Akershoek haalt nog maar eens aan dat hij zowel fysiek als mentaal een zwaar seizoen beleeft. ,,Ik sukkel sinds mei een beetje met mijn wedstrijdgewicht en ben een paar kilo zwaarder geworden. Om het juiste wedstrijdgewicht te hebben, moet je eigenlijk zo licht mogelijk zijn, zo lang dat nog gezond is. Het is redelijk extreem en de scheidslijn vormt een zeer moeilijke balans. Ik heb daar moeite mee, kan soms lastig van de snacks afblijven. Ik loop al een aantal jaar bij een voedingsdeskundige en krijg ook hulp vanuit Sittard, mijn huisarts en een psycholoog. Op dat gebied heb ik nog een lange weg te gaan.”

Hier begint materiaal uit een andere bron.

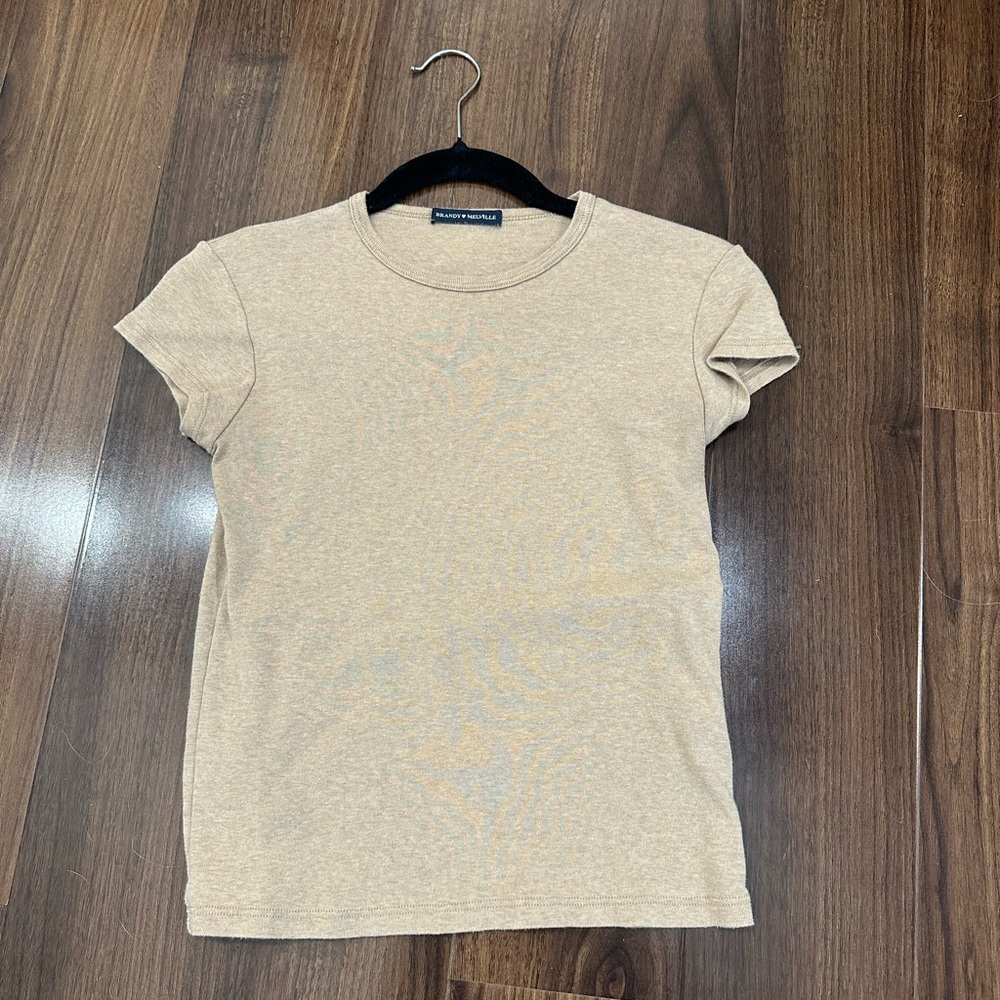 SUPER CUTE BABY TEE IN TAN-ISH COLOR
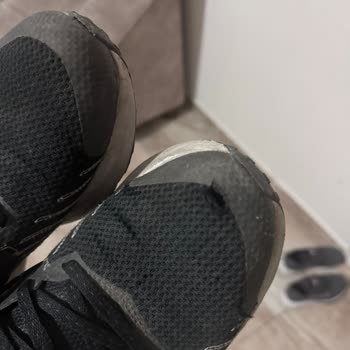 Kısa Sürede Yırtılan Ayakkabıya Ret Cevabı Mağdur Etti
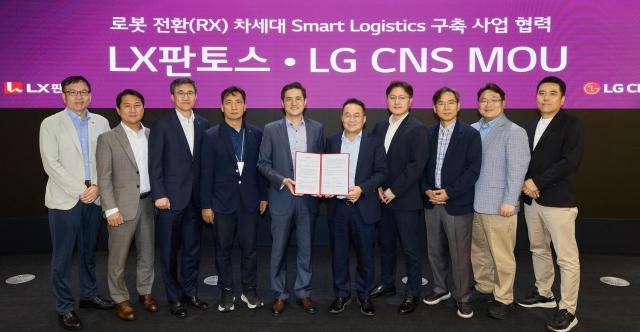 지난 1일 LG CNS 본사에서 열린 차세대 스마트물류 구축 업무협약식에서 이준호 LG CNS 전무오른쪽 다섯 번째 박상균 전무오른쪽 네 번째 어재혁 LX판토스 부사장왼쪽 다섯 번째을 비롯한 양사 임직원들이 기념촬영을 하고 있다 사진LG CNS
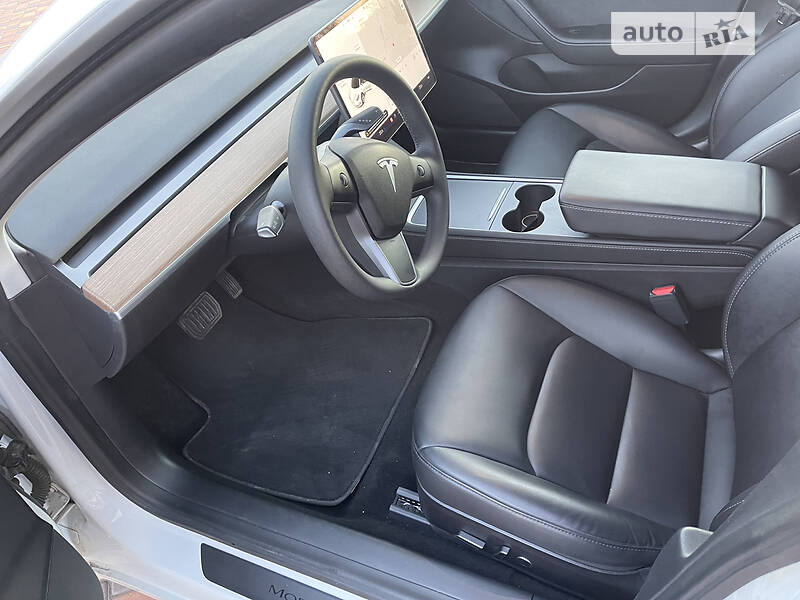 Седан Tesla Model 3 2021 в Львове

Aankomend weekend start Akershoek in ieder geval tijdens het NK OD in Veenendaal. Vorig jaar werd hij er – in een door de weersomstandigheden bizarre race – tweede. ,,Laten we hopen dat het dit jaar beter is. Onder normale omstandigheden zou een podiumplaats voor mij in ieder geval het hoogst haalbare zijn.”